Times Online was registering about 21 million unique users a month last year, but the figure has since fallen to around 2.7 million. The drop in readership was not unexpected with Times executives saying at the time that they had expected to lose 90% of their readership as a result of the paywall.
The newspapers now charge one pound a day or two pounds a week to read online after introducing charges in July.
Executives at the newspapers, part of media baron Rupert Murdoch’s News Corporation stable, said they were pleased with the figures.
“This reinforces our belief that our journalism is valuable and that customers will respond to the investment, innovation and quality that are hallmarks of our titles and our company,” said James Murdoch, its chairman and chief executive for Europe and Asia.
But some commentators say the figures released do not provide enough information to draw conclusions on whether the experiment has worked or not.
Some commentators gave news of the reported paywall user figures a “thumbs down”, regarding the numbers as “inflated”.
“Inflated, not so much because it includes iPad and Kindle subscribers (somewhere around 30,000) but because it adds in all of those who have enagaged in any sort of transaction since the big experiment started four months ago,” writes Ian Burrell in the Independent.
Journalism.co.uk quotes UK media commentator Roy Greenslade as saying the figures released “are just not transparent enough” to provide a clear picture or indication to other news organisations considering paywalls.
“I think, once we delve further into these figures, they will support the view that News Int’s paywall experiment has, as expected, not created a sufficiently lucrative business model,” he says.

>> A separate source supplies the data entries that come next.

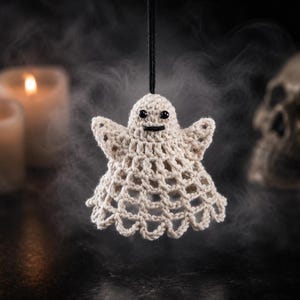 May include: A small, off-white crocheted ghost ornament featuring a bell-shaped body with an open-work lattice pattern, two small arms extended outwards, and two black bead eyes with a stitched black mouth, suspended by a thin black string.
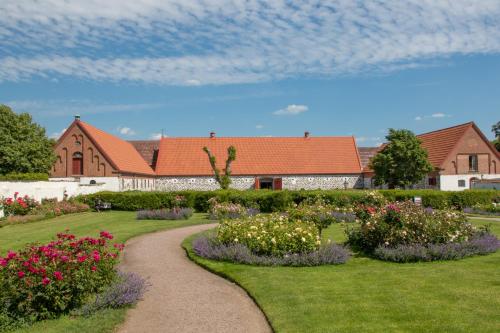 a garden with flowers and a building in the background at Guest apartment in the castle in Höör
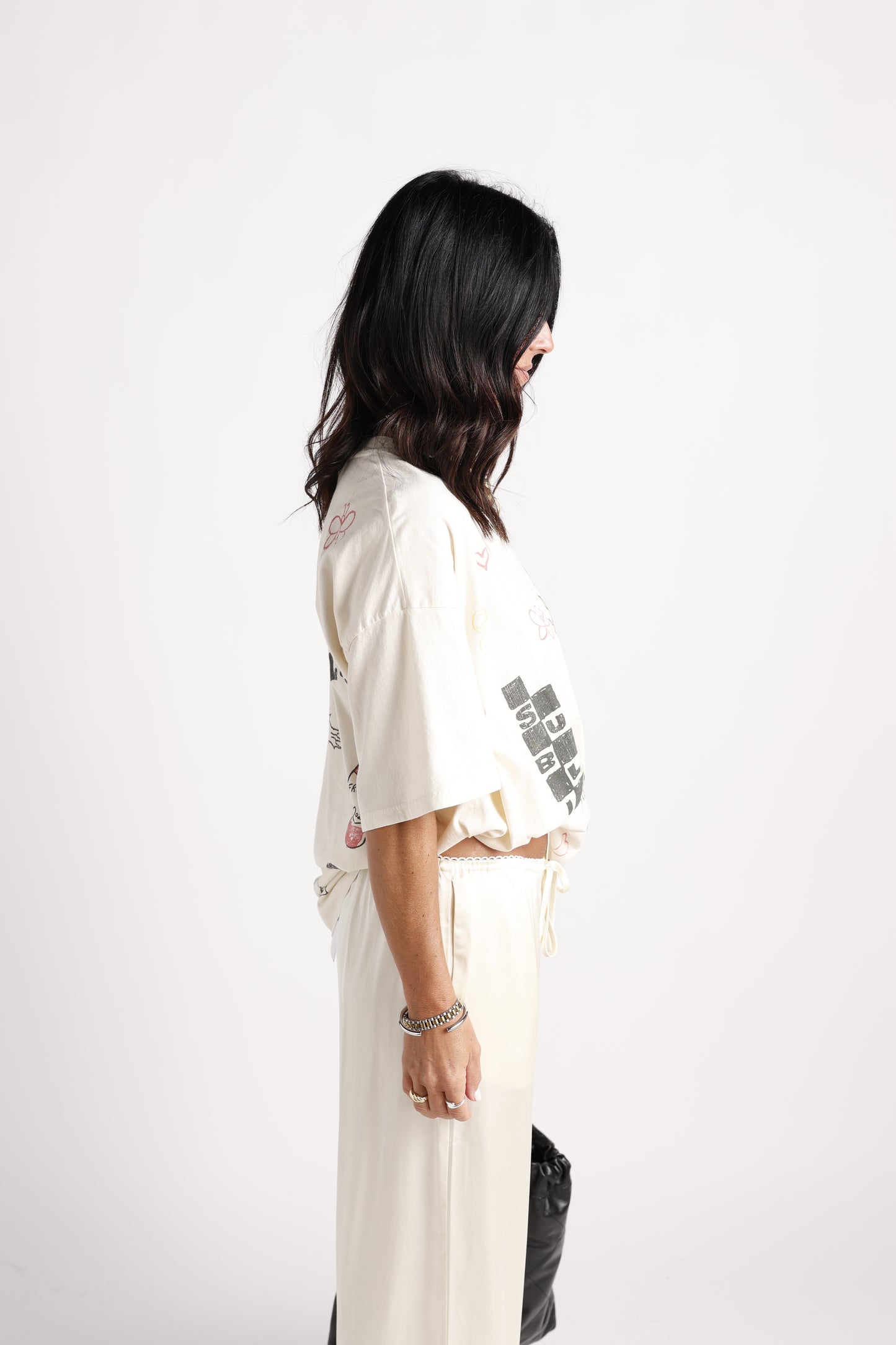 Cream oversized graphic tee with doodle prints, worn with cream wide-leg pants, side view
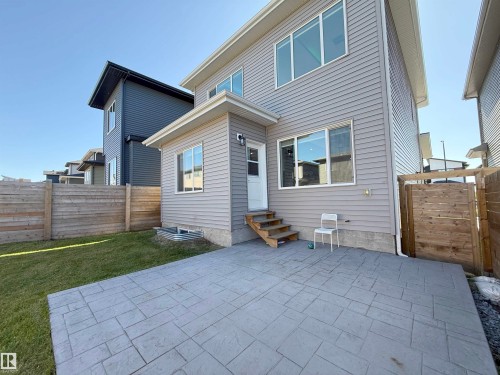 Exterior featuring light gray siding, multiple windows, and a stamped concrete patio - 415 42 Street, Edmonton, AB 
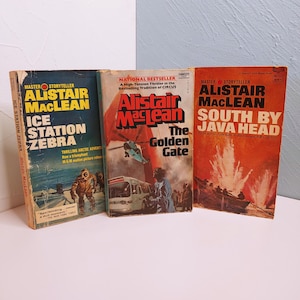 May include: Three vintage paperback books by Alistair MacLean. The book titles are "Ice Station Zebra", "The Golden Gate", and "South by Java Head". The covers feature illustrations and text in various colors, including blue, orange, and white. The books are displayed on a white surface.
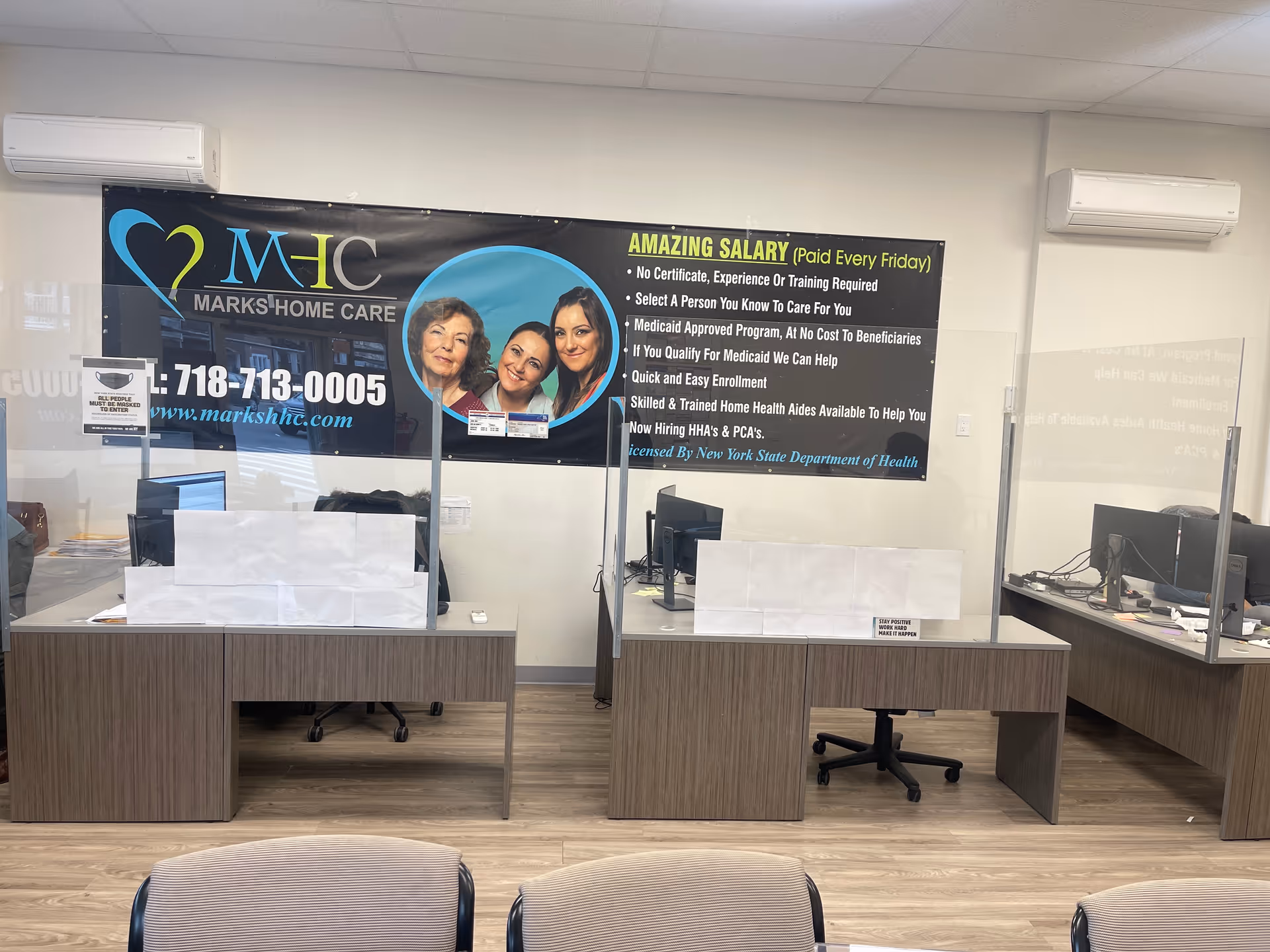 Office reception area with desks, glass dividers, and a large Marks Home Care banner.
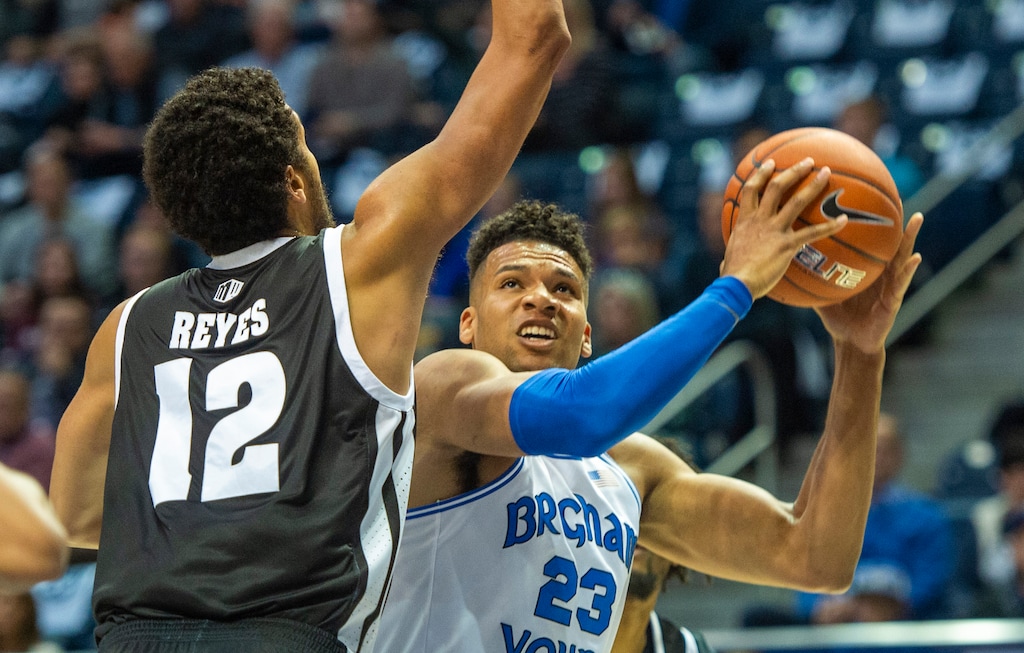 (Rick Egan | The Salt Lake Tribune) Brigham Young Cougars forward Yoeli Childs (23) tries to work the ball inside as Nevada Wolf Pack forward Johncarlos Reyes (12) defends in basketball action at the Marriott Center in Provo, Tuesday, Dec. 10, 2019.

paidContent:UK editor Robert Andrews estimates that the Times Newspapers’ online audience is now smaller than its print circulation: “Stripping out occasional readers from search engines and the like in favour of loyal, active customers was exactly the point of the exercise; a massive audience drop-off was not only expected but sought. But to see the newspaper again become the more consumed of the two media options, by such a degree, is poignant.
“The big question, to us on the outside, is whether the reduction in advertising-exposed eyeballs associated with a traffic drop of this scale is, or will, being made up by paying customers.”